● Exercise requirements
Could you set down the listing below exactly and omit its images?

● Source information
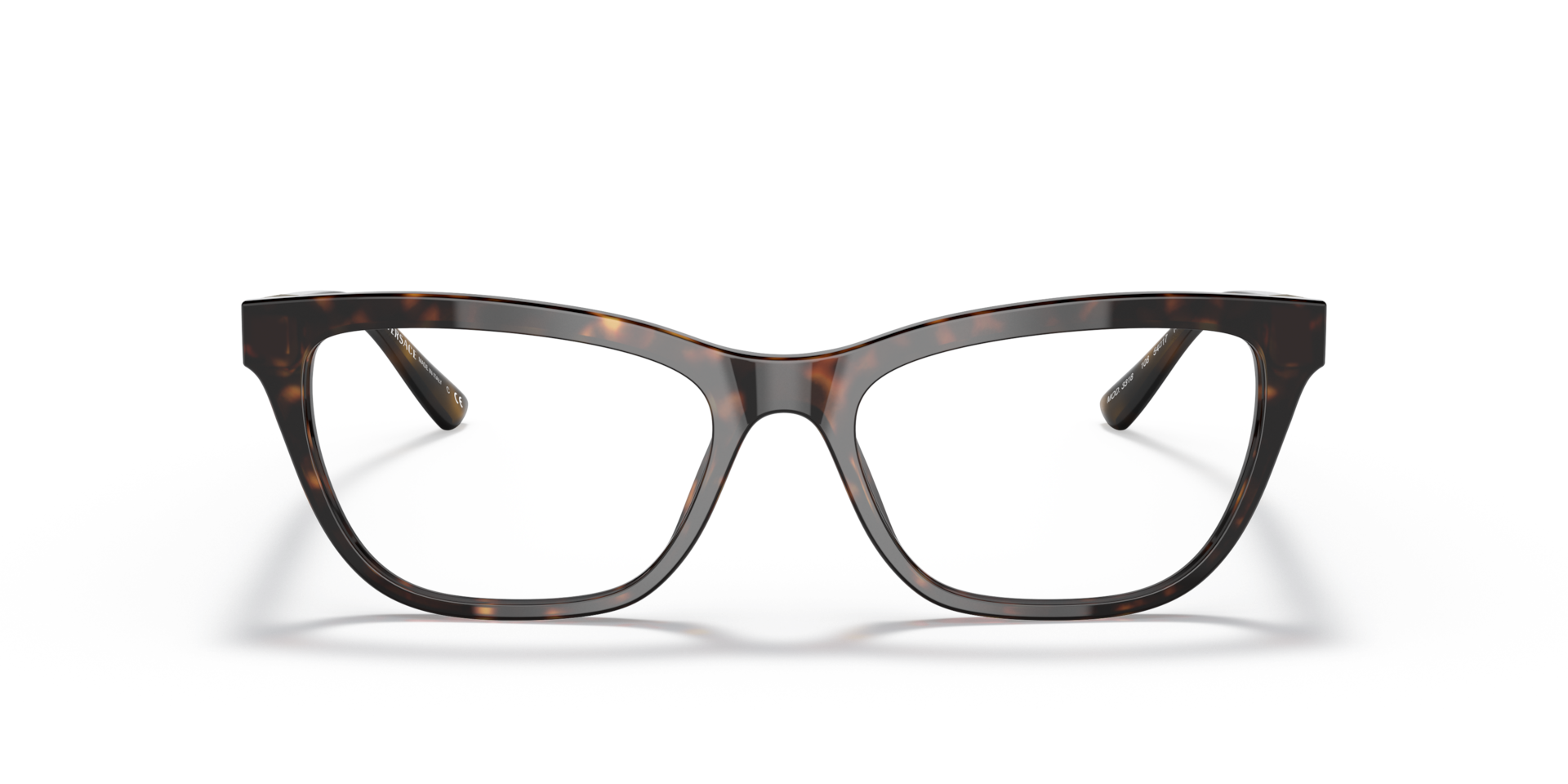 Versace VE3318 Havana, Size: S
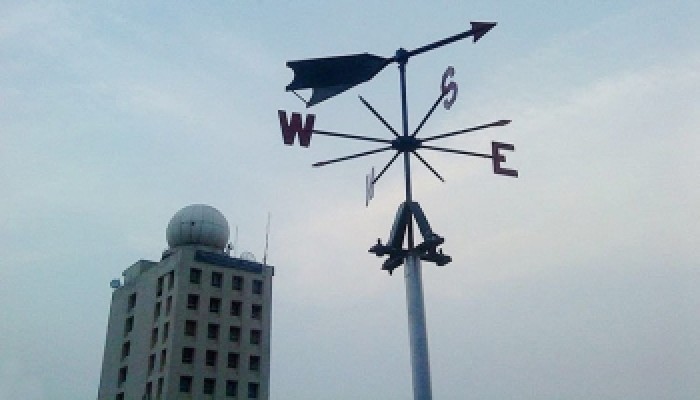 দেশের ৮ জেলায় বজ্রসহ বৃষ্টির পূর্বাভাস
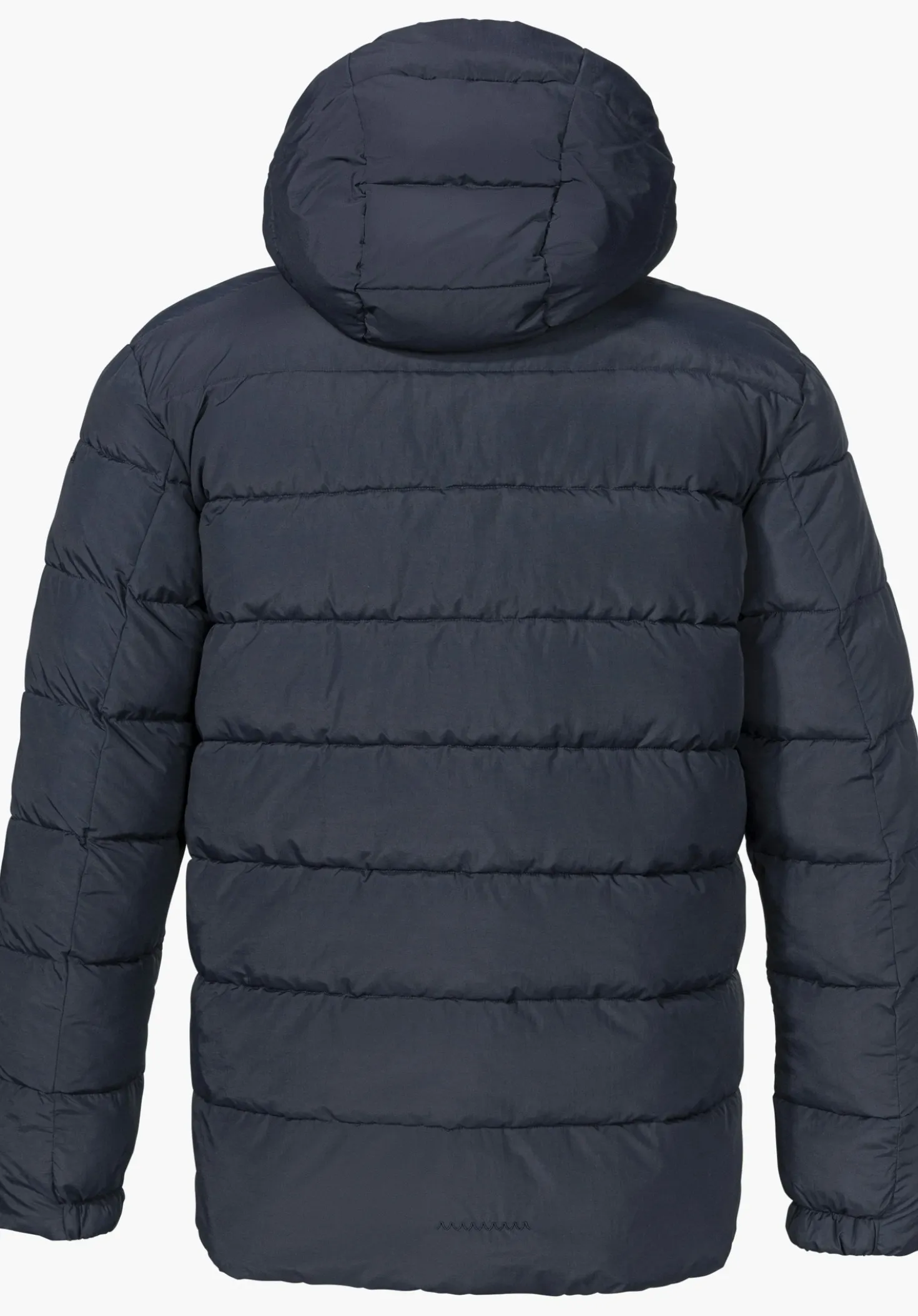Warme Isolationsjacke für Wintertage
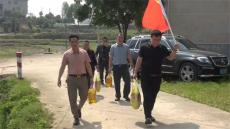 爱心点亮希望 真情温暖人心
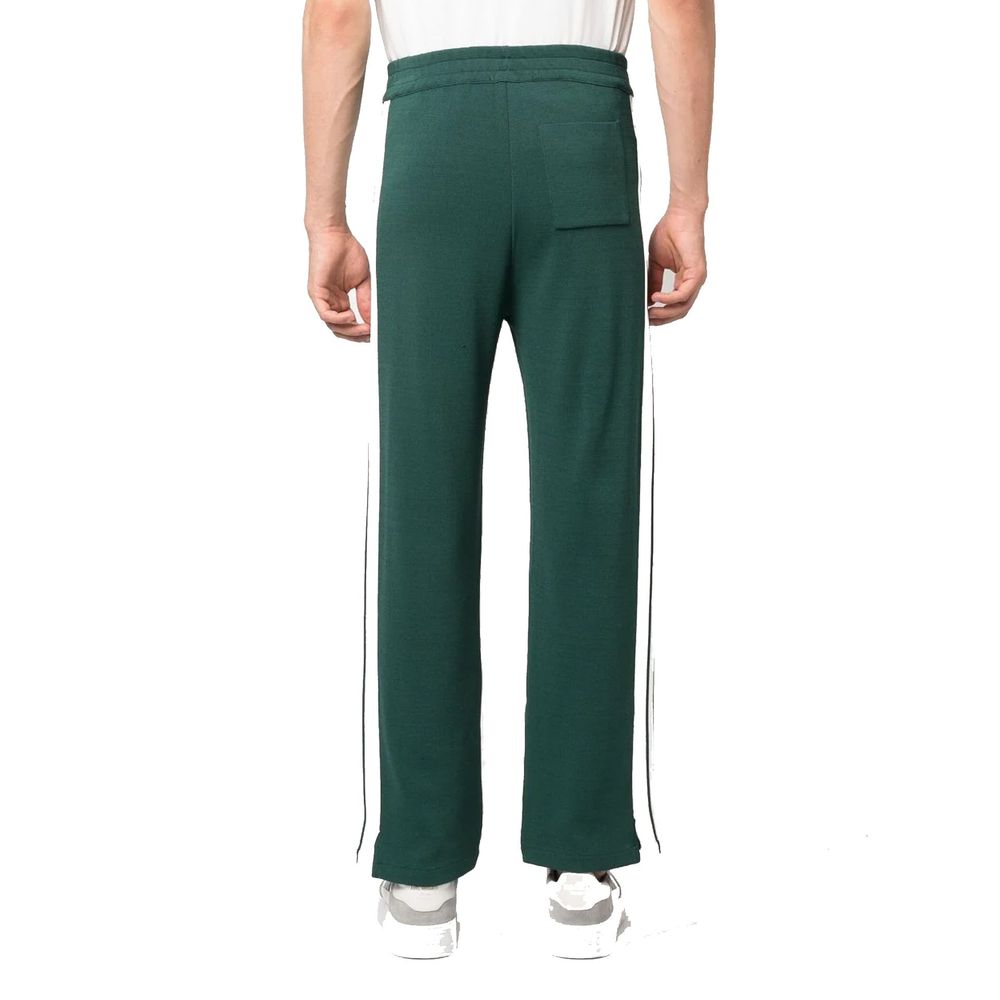Autry Bicolor Nylon Joggers (Workout Pants) | Regal Royce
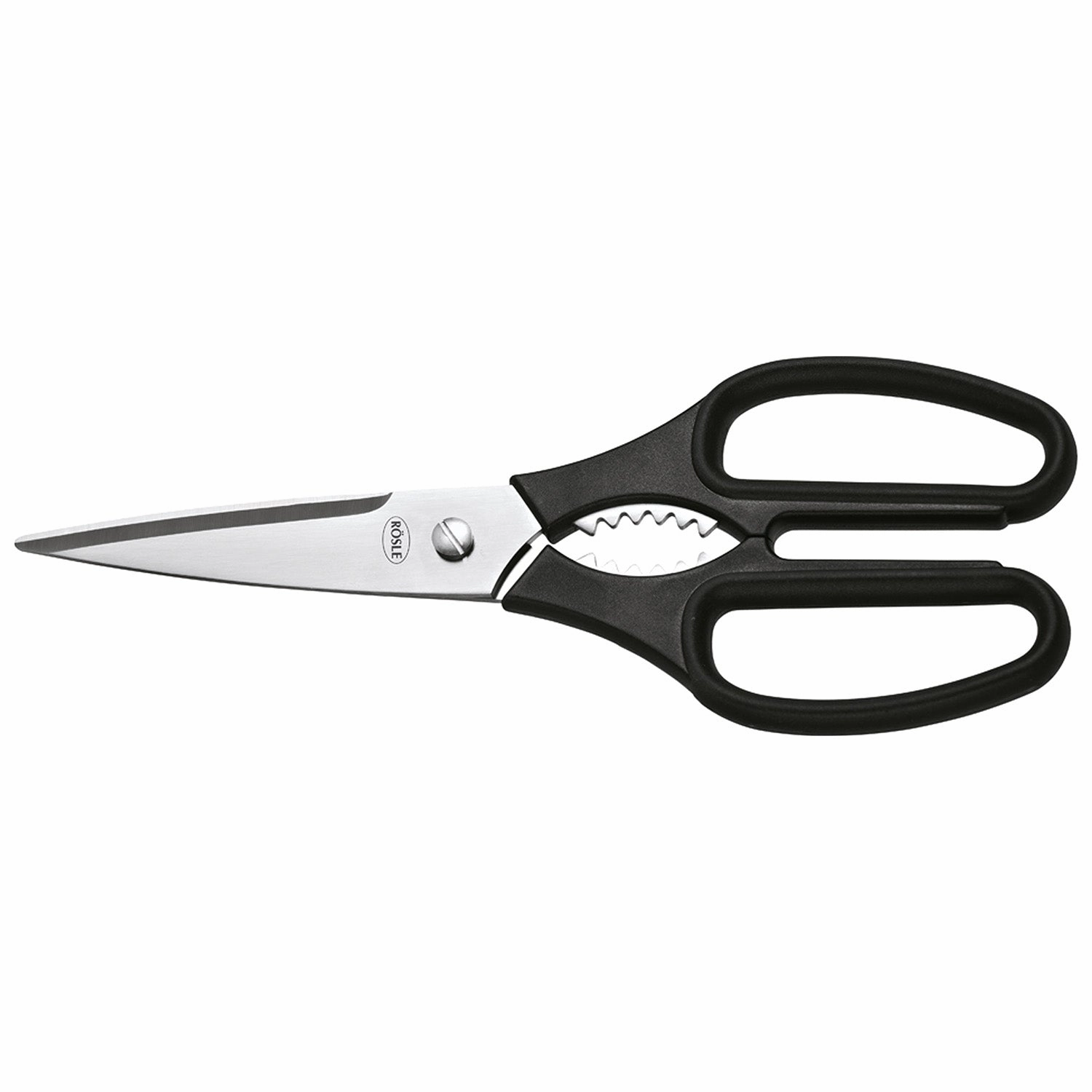 Rosle Stainless Steel Kitchen Scissors Shears, 8.7-Inch Cutlery knife sets deals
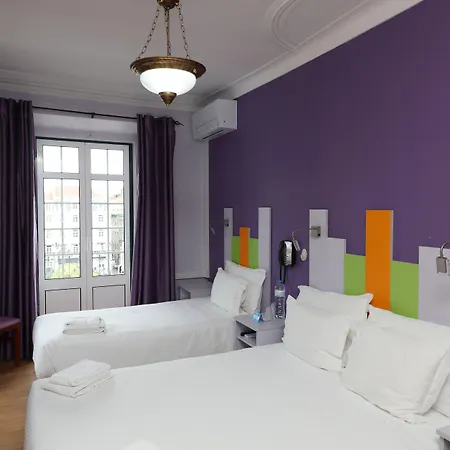 Pensao Praca Da Figueira 3*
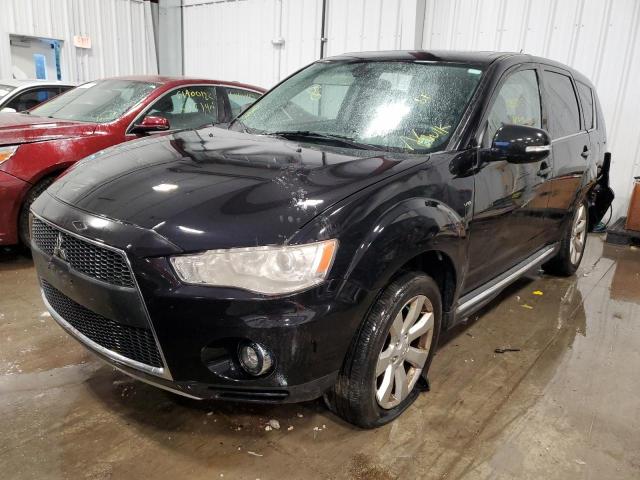 Photo 2 from auction – 2011 MITSUBISHI OUTLANDER with VIN JA4JT5AX5BU009738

● Final answer
 Versace VE3318 Havana, Size: S
 দেশের ৮ জেলায় বজ্রসহ বৃষ্টির পূর্বাভাস
Warme Isolationsjacke für Wintertage
 爱心点亮希望 真情温暖人心
Autry Bicolor Nylon Joggers (Workout Pants) | Regal Royce
 Rosle Stainless Steel Kitchen Scissors Shears, 8.7-Inch Cutlery knife sets deals
 Pensao Praca Da Figueira 3*
 Photo 2 from auction – 2011 MITSUBISHI OUTLANDER with VIN JA4JT5AX5BU009738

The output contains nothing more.